Askerî harekâtın yanı sıra «Vatan Hıyaneti kanunu»na bir madde ilâve edildi (25 şubat 1925); «Takriri Sükûn kanunu» çıkarıldı (4 mart 1925); birisi Ankara’da, diğeri doğu illerinde görev yapmak üzere iki «istiklâl mahkemesi» kuruldu (7 mart 1925); kısmî seferberlik ilân edildi.

Atatürk, bir beyanname çıkararak: «mahiyetlerini din maskesi altında gizlemeye çalışanların teşebbüsü mahsulü olan bu hareketin bastırılması için bütün tedbirlerin alınmış olduğunu» büdirdi (7 mart 1925).

Bu tedbirler sonucunda memleket ve devrimler büyük bir tehlikeden kurtuldu ve âsiler şiddetle ezildi.

Menemen Olayı

Gerici unsurlar, devrimleri yok etmek için Cumhuriyet Halk fırkasını devirmeye çalıştılar; «Serbest Cumhuriyet fırkası» adlı yeni bir partinin kuruluşunu ve bir kısım aydınların ona girişini devrimlerde ayrılık belirtisi sanarak faaliyete geçtiler.

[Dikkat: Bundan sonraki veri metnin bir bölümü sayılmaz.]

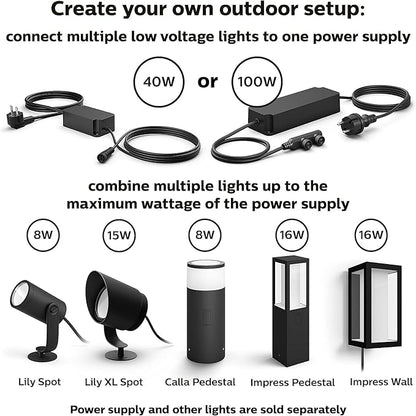 Philips Hue Outdoor 16-Foot Cable Extension - Image 5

Bu arada kaldırılmış olan tarikatlar, şeyhleri ve dervişleri ile birlikte yeniden ortaya çıktılar.

Yeni parti çevresinde gizli irtica hareketleri başladı.

Bunun sonucu olarak Nakşibendî tarikatı mensuplarından Derviş Mehmed ismindeki gerici, aynı tarikattan olan müritleri ile Menemen kasabasını bastı (23 aralık 1930).

Kendisine engel olmak isteyen yedeksubay Kubilay’ı önce kurşunla vurarak sonra da bıçakla boynundan keserek şehit etti.

Başını yeşil bir bayrak direği ucuna takarak halkı ayaklanmaya teşvik etti.

Cumhuriyet ordusu, bütün gerici unsurları ezmeyi başararak rejimin sadık bekçisi olduğunu belirtti.